Complete step by step answer:
(A) $\overrightarrow F = y\widehat i - x\widehat j$ we get,
${F_x} = y$ and ${F_y} = - x$,
Now the partial derivative is,
$\dfrac{{\partial F}}{{\partial x}} = 0$ and $\dfrac{{\partial F}}{{\partial y}} = 0$
Now, by putting them in matrix we get,
\left( {\begin{array}{*{20}{c}} {\widehat i}&{\widehat j}&{\widehat k} \\\ {\dfrac{{\partial F}}{{\partial x}}}&{\dfrac{{\partial F}}{{\partial y}}}&{\dfrac{{\partial F}}{{\partial z}}} \\\ {{F_x}}&{{F_y}}&{{F_z}} \end{array}} \right)
Substituting the values we get,
\left( {\begin{array}{*{20}{c}} {\widehat i}&{\widehat j}&{\widehat k} \\\ 0&0&0 \\\ y&{ - x}&0 \end{array}} \right)
The determinant of the given matrix is $0$. Hence $\overrightarrow F = y\widehat i - x\widehat j$ is a conservative force.

(B) $\overrightarrow F = xy\widehat i - xy\widehat j$,
${F_x} = xy$ and ${F_y} = - xy$,
Now the partial derivative is,
$\dfrac{{\partial F}}{{\partial x}} = y$ and $\dfrac{{\partial F}}{{\partial y}} = - x$
Now, by putting them in matrix we get,
\left( {\begin{array}{*{20}{c}} {\widehat i}&{\widehat j}&{\widehat k} \\\ {\dfrac{{\partial F}}{{\partial x}}}&{\dfrac{{\partial F}}{{\partial y}}}&{\dfrac{{\partial F}}{{\partial z}}} \\\ {{F_x}}&{{F_y}}&{{F_z}} \end{array}} \right)
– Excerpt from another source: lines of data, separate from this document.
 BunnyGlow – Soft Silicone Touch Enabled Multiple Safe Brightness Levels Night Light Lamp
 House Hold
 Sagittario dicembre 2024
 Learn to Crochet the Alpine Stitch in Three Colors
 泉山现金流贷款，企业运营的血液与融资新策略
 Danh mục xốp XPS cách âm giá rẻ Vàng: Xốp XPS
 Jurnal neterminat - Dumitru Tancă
Substituting the values we get,
\left( {\begin{array}{*{20}{c}} {\widehat i}&{\widehat j}&{\widehat k} \\\ y&{ - x}&0 \\\ {xy}&{ - xy}&0 \end{array}} \right)
The determinant of the given matrix is $( - {y^2}x + {x^2}y)\widehat k$. Hence $\overrightarrow F = xy\widehat i - xy\widehat j$ is not a conservative force.
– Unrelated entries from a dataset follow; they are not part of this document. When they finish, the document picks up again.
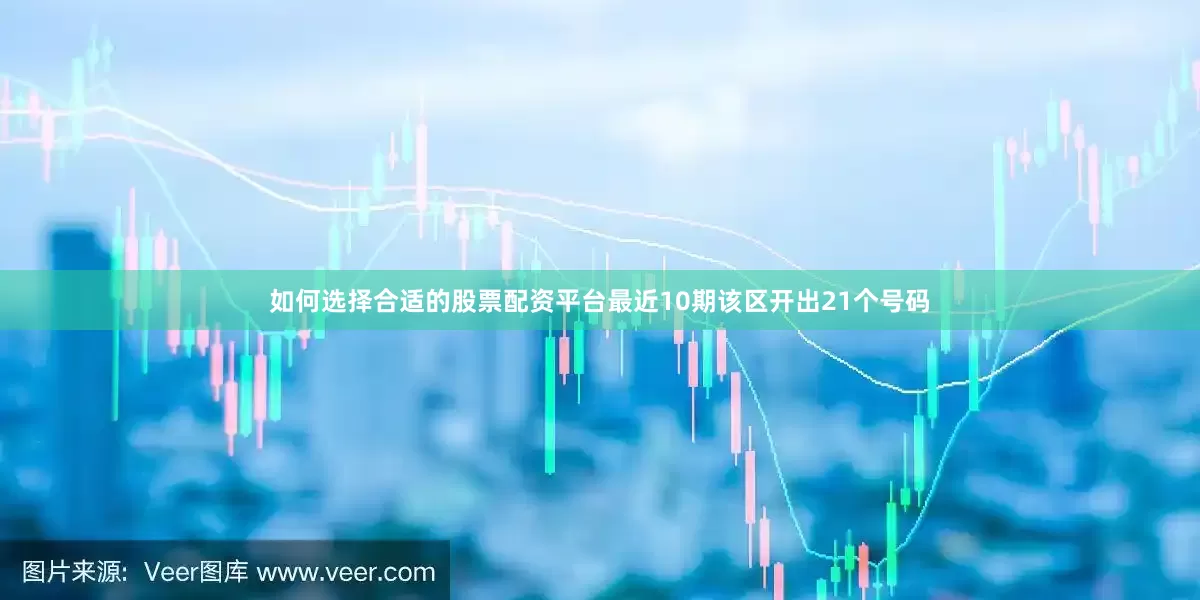 如何选择合适的股票配资平台最近10期该区开出21个号码
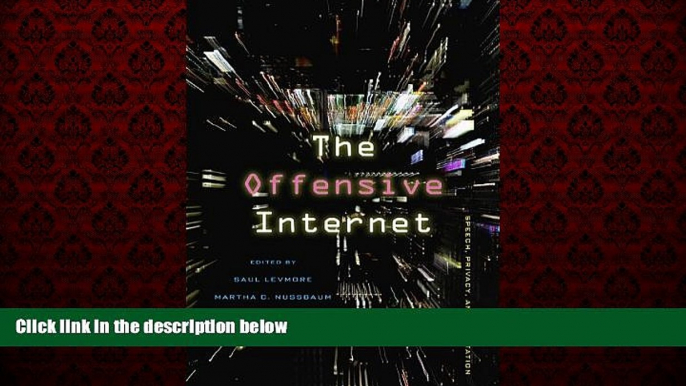 FREE DOWNLOAD  The Offensive Internet: Speech, Privacy, and Reputation READ ONLINE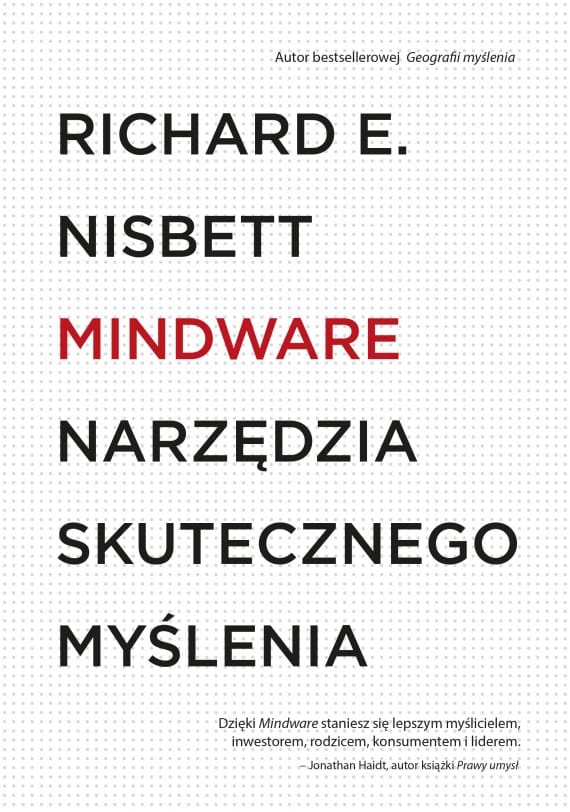 Okładka książki: Richard E. Nisbett: Mindware. Narzędzia skutecznego myślenia | Książka psychologiczna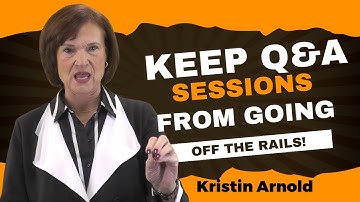 Panel Discussions: How to Keep Q&A Sessions From Going Off the Rails 🎤 - Kristin Arnold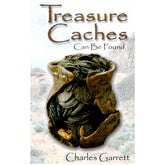 Treasure Caches Can Be Found by Charles Garrett softcover book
(C) $\overrightarrow F = y\widehat i + x\widehat j$ we get,
${F_x} = y$ and ${F_y} = x$,
Now the partial derivative is,
$\dfrac{{\partial F}}{{\partial x}} = 0$ and $\dfrac{{\partial F}}{{\partial y}} = 0$
Now, by putting them in matrix we get,
\left( {\begin{array}{*{20}{c}} {\widehat i}&{\widehat j}&{\widehat k} \\\ {\dfrac{{\partial F}}{{\partial x}}}&{\dfrac{{\partial F}}{{\partial y}}}&{\dfrac{{\partial F}}{{\partial z}}} \\\ {{F_x}}&{{F_y}}&{{F_z}} \end{array}} \right)
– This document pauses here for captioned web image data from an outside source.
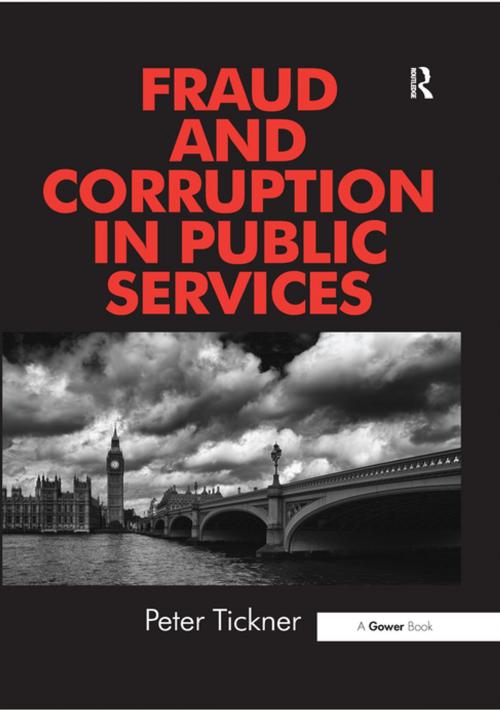 Cover of the book Fraud and Corruption in Public Services by Peter Tickner, Taylor and Francis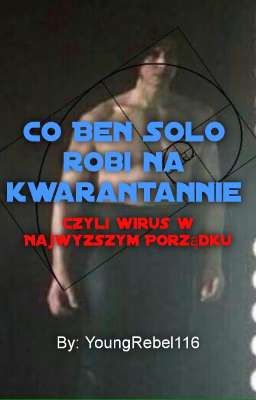 Co Ben Solo robi na kwarantannie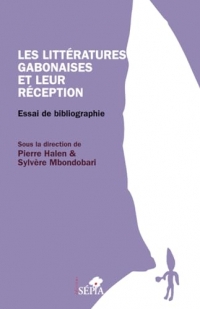 Les littératures gabonaises et leur réception: Essai de bibliographie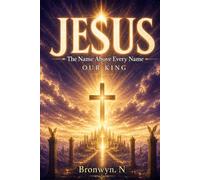 JESUS The Name Above Every Name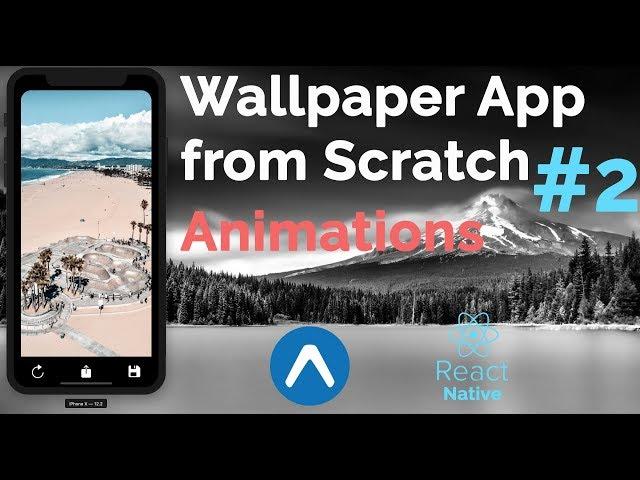 #2 Wallpaper App from Scratch | Animations | React Native | Expo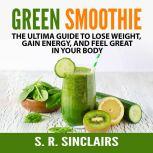 Green Smoothie: The Ultima Guide to Lose Weight, Gain Energy, and Feel Great in Your Body, S. R. Sinclairs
Substituting the values we get,
\left( {\begin{array}{*{20}{c}} {\widehat i}&{\widehat j}&{\widehat k} \\\ 0&0&0 \\\ y&x;&0 \end{array}} \right)
The determinant of the given matrix is $0$. Hence $\overrightarrow F = y\widehat i + x\widehat j$ is a conservative force.

(D) $\overrightarrow F = {x^2}y\widehat i - {y^2}x\widehat j$ we get,
${F_x} = {x^2}y$ and ${F_y} = - x{y^2}$,
Now the partial derivative is,
$\dfrac{{\partial F}}{{\partial x}} = 2xy$ and $\dfrac{{\partial F}}{{\partial y}} = - 2xy$
Now, by putting them in matrix we get,
\left( {\begin{array}{*{20}{c}} {\widehat i}&{\widehat j}&{\widehat k} \\\ {\dfrac{{\partial F}}{{\partial x}}}&{\dfrac{{\partial F}}{{\partial y}}}&{\dfrac{{\partial F}}{{\partial z}}} \\\ {{F_x}}&{{F_y}}&{{F_z}} \end{array}} \right)
Substituting the values we get,
\left( {\begin{array}{*{20}{c}} {\widehat i}&{\widehat j}&{\widehat k} \\\ {2xy}&{ - 2xy}&0 \\\ {{x^2}y}&{ - x{y^2}}&0 \end{array}} \right)
The determinant of the given matrix is $( - 2{x^2}{y^3} + 2{x^3}{y^2})\widehat k$. Hence $\overrightarrow F = {x^2}y\widehat i - {y^2}x\widehat j$ is not a conservative force.

Note: Alternative method: It is for only two-dimensional vector if $\dfrac{{d{F_x}}}{{dy}} = \dfrac{{d{F_y}}}{{dx}}$ then it is also conservative, where is the force in $x$-axis and ${F_y}$ in $y$-axis. It is necessary to partially derive the terms. It is very important to separate the whole Force into the terms of $x$,$y$ and $z$. Till the determinant of any vector is not found out to be $0$ then it is not conservative.